The ‘what should we keep and what should we change’ pairing is the most useful formative tool for course design!

Enabling students to submit their suggestions anonymously is a safeguard for students, it balances the power differential, and is standard procedure. However, anonymity is also prone to abuse as students who have received poor marks retaliate in kind. Often the results of paper appraisals are skewed so that most of the respondents answer affirmatively, with outliers who report they were ‘never’ satisfied with the course. These divergent viewpoints can be interesting and valid, but it is not possible to explore them further when the source is anonymous. When lecturers receive a negative comment, we can’t always ask about the circumstances, reasons or for more details about how to improve. It is even more frustrating when students don’t complete the online appraisals, and response rates are very often low.

To balance these concerns, it is wise to invite student feedback in a range of ways, for example via Moodle forums and exit slips.

Moodle forums – the first year MMP students are currently noting advice that they would give to newbies joining the degree. This will be very useful to pass on to the new class of 2016, and will likely suggest areas where students feel least confident and need most support. Importantly, we have asked the students to use the opportunity to thank a peer who has helped or taught them in some way in their first semester of tertiary study.

In the Communication Technologies and Lifelong Learning option paper students are reflecting on their learning through the POPLN challenge and again suggesting how others might make a start with POPLN if they are entirely new to the notion of learning through social media. Again, these suggestions will assist in refining the orientation and introductory phase of POPLN in future iterations of the course. I am grateful for the student suggestions, and also like to know which readings seem dated, which are most powerful, which tasks are particularly engaging and which discussions have resonated with students. This is not just about ‘what did you like/enjoy?’ although student satisfaction is a factor. Rather, I want to know about the elements of the paper that promoted learning, challenged students to move outside of their comfort zones, revealed new ways of thinking and generated wider exploration. I also want to know how to best support students without rescuing them from the learning potential.

Within all of this of course there are constraints on our work – in terms of Time (always the biggie, hence the capital T), and also regulations and expectations of tertiary study at various levels.
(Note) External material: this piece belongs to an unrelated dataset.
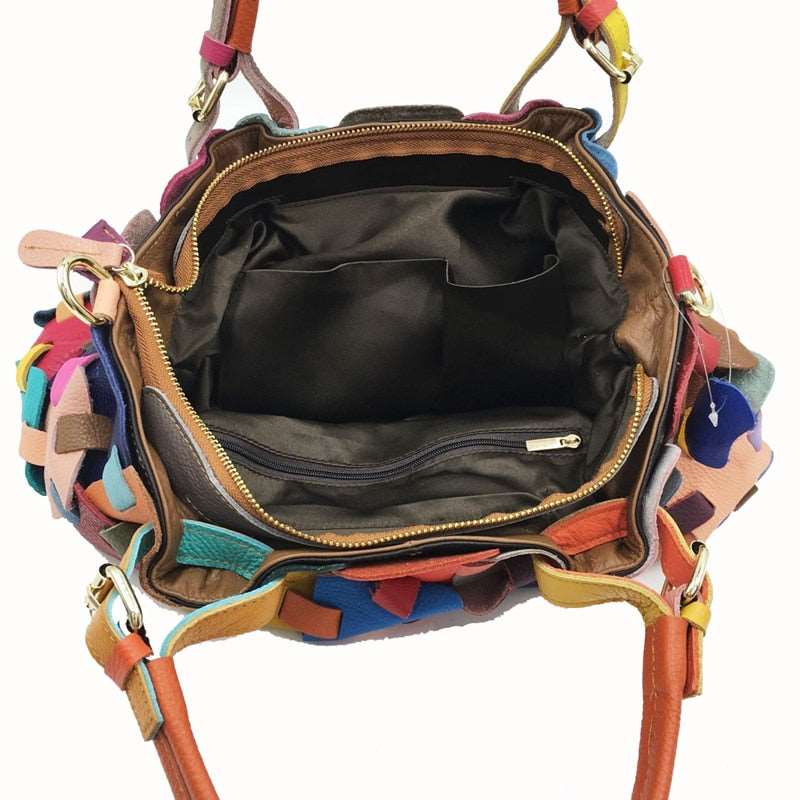 Ladies Multicolor Leather Patchwork Shoulder Tote | Dotflakes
Discussing course feedback openly with students is helpful all round as it means students can table their suggestions, and we can be receptive while also questioning to clarify the essence of problems/concerns, negotiating adjustments (I can’t do that but how about this?) and explain transparently if/why certain changes are not possible.
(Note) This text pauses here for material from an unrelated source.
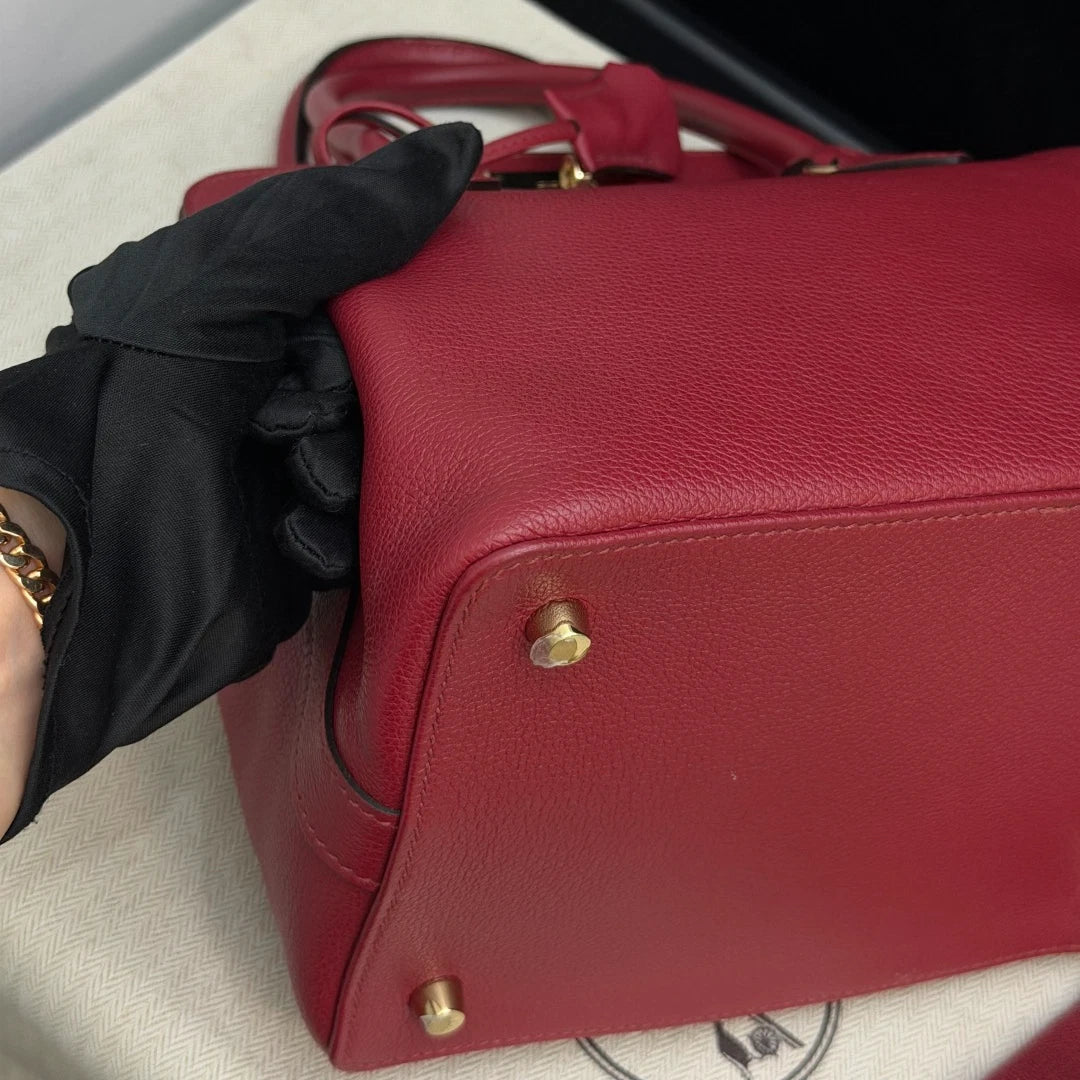 Hermes Tool Box20 Red Gold Hardware 2Way Top Handle Bag Crossbody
A bonus of the discussion forum as a means of eliciting student feedback is that the students are required to contribute. It would be very difficult to require students to complete an anonymous online appraisal.
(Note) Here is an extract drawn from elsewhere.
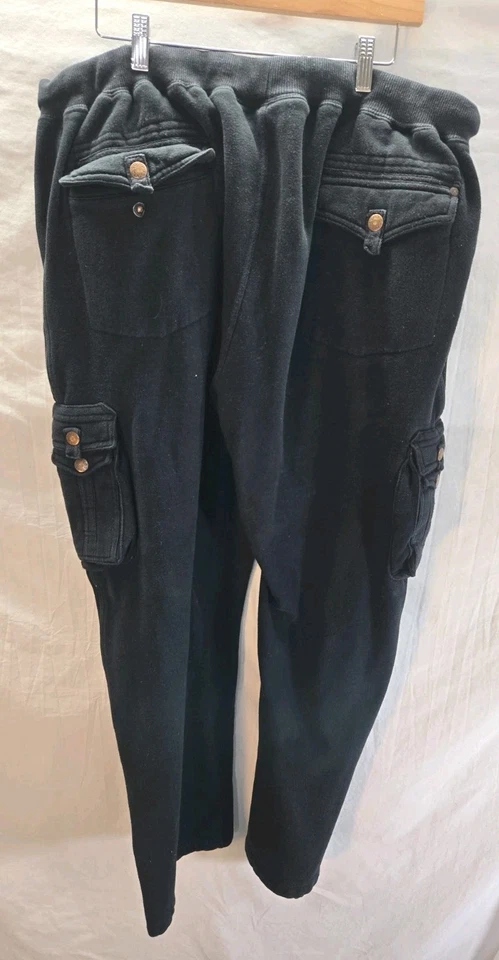 Pantalones deportivos cargo Coogi para hombre talla 4X bordados negros pierna recta 42X31 Foto 3 de 4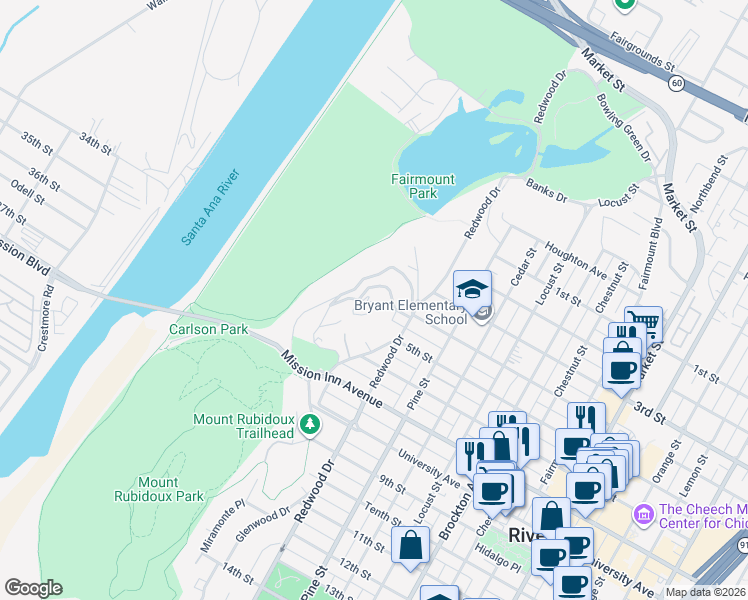 map of restaurants, bars, coffee shops, grocery stores, and more near 4630 Indian Hill Road in Riverside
Is it fair to require students to give feedback?
Yes, especially in the case of teacher education students for whom provision of constructive and timely feedback is a professional necessity.
I’d like teacher education students to consider when providing feedback to lecturers and courses:
  • How would I feel as a teacher receiving this feedback?
  • What action does my feedback suggest?

Feedback should not be used to punish. When your lecturer marked your assignment, it is highly unlikely that s/he set out to hurt and offend you. Is your feedback given in the spirit of improving teaching and learning?
If you have a concern and would like to see a change implemented, offer specific suggestions about how this might be accomplished. For example, a comment like “This class is boring and the teaching sucks” would be hurtful and wouldn’t suggest how the paper or pedagogy could be enhanced.
On the other hand, a comment like “There are too many readings to keep up with each week and it would be good to have a choice of reading and to focus on those post-2010” could generate some real adjustments and updates.

On campus, a number of colleagues use an exit slip as a means of collecting student feedback after f2f sessions, particularly lectures and workshops. Again, students are asked:
  • What did you learn?
  • (Sometimes, what surprised you?)
  • What are you still wondering about?

The latter generates questions that can be addressed at tutorials and this is a good way of surfacing areas of concern and student interest.

In each of the above cases, the appraisals, discussion forums and exit slips function as a barometer of student thinking and dispositions. These are some of the ways we invite student voice, note student experience and listen to students.

What do we do with the feedback?
  1. Dismiss – if it is insulting, vague, impractical or poorly reasoned.
  2. Implement – if it is clear, specific and practical, as well as pedagogically progressive and supportive of quality learning.
  3. Compromise – if there is some merit to the concern raised or the suggestion, within constraints imposed by institutional directives. 

If you are a student, please complete your appraisals – give your lecturers some direction to inform their teaching and course development.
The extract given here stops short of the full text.